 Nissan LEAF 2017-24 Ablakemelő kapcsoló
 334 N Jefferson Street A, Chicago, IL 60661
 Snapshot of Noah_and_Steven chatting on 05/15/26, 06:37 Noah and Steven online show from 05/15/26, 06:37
* * *
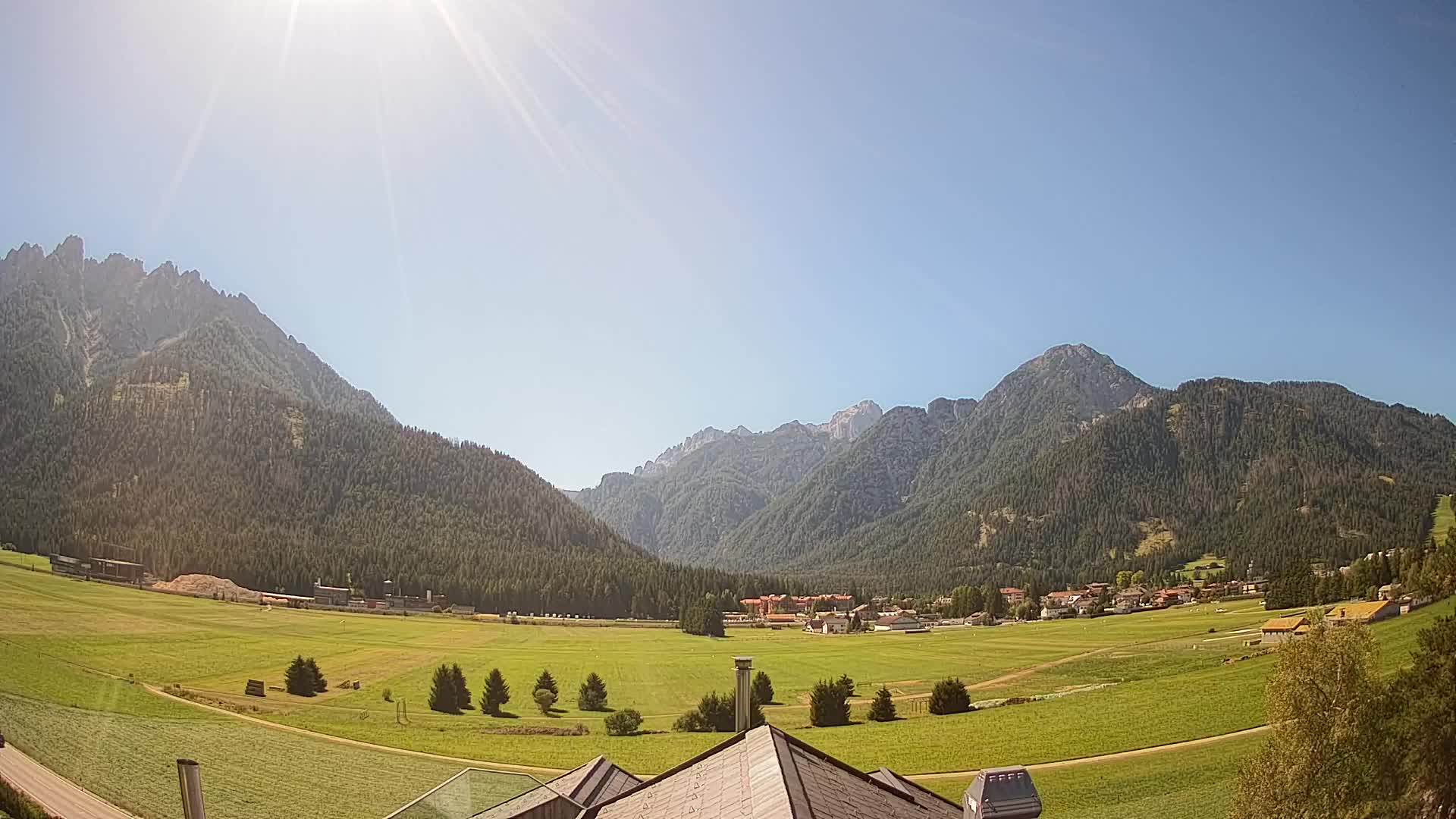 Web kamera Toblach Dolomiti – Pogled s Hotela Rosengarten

◆ TASK GOAL
Every line from the line containing "Nissan LEAF 2017-24 Ablakemelő kapcsoló" through the line containing "Snapshot of Noah_and_Steven" in the records above must be retyped exactly. Leave out the rest.

◆ TASK OUTPUT
 Nissan LEAF 2017-24 Ablakemelő kapcsoló
 334 N Jefferson Street A, Chicago, IL 60661
 Snapshot of Noah_and_Steven chatting on 05/15/26, 06:37 Noah and Steven online show from 05/15/26, 06:37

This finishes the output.